Happens before 17.4.5:
Threading 17.5.2:
A read of a final field of an object within the thread that constructs
that object is ordered with respect to the initialization of that
field within the constructor by the usual happens-before rules. If the
read occurs after the field is set in the constructor, it sees the
value the final field is assigned, otherwise it sees the default
value.
A class contains constructors that are invoked to create objects from the class blueprint.
This is what Oracle says about constructors.
Now to your point.
intuitively speaking, a constructor in Java is the thing that makes an object, and that nothing can touch that object until its constructor returns.
So according to the official documentation, your assumption is not right. And the point 1 and 2 are the abuse of the rules and behaviors of Java, unless you consciously want to leak your objects! As also being irrelevant to Constructor, I will skip discussing these points.
Now if we talk about your 3rd point, in multi-threaded environment there is nothing that can guarantee you about the consistency of your code, unless "properly synchronized blocks" or "the atomic instructions". As object creation is not a synchronized nor an atomic instruction, there is no guarantee of being consistent!

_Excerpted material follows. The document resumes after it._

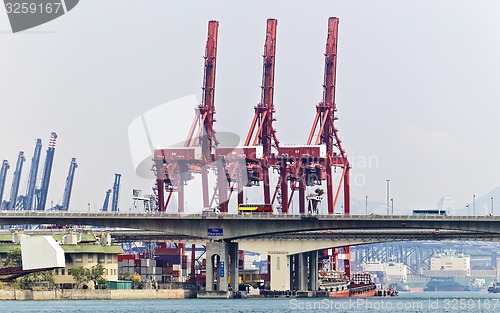 Image of Containers at Hong Kong commercial port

There is nothing the Constructor can do with it. In other words its not the responsibility of the Constructor to make your object creation atomic.
Now, the answer to your question, "What other properties do constructors actually guarantee?" is somewhat easy. Constructors are merely nothing but special type of methods, that are invoked during object creation from the blue print of the class. So it can guarantee nothing, unless you give it a chance to be executed consistently like any other methods. It after being consistently executed it can guarantee you that, your object is created and initialized as you wanted and instructed in it.
constructors is java are just used to initialize the state of the object created..nothing more.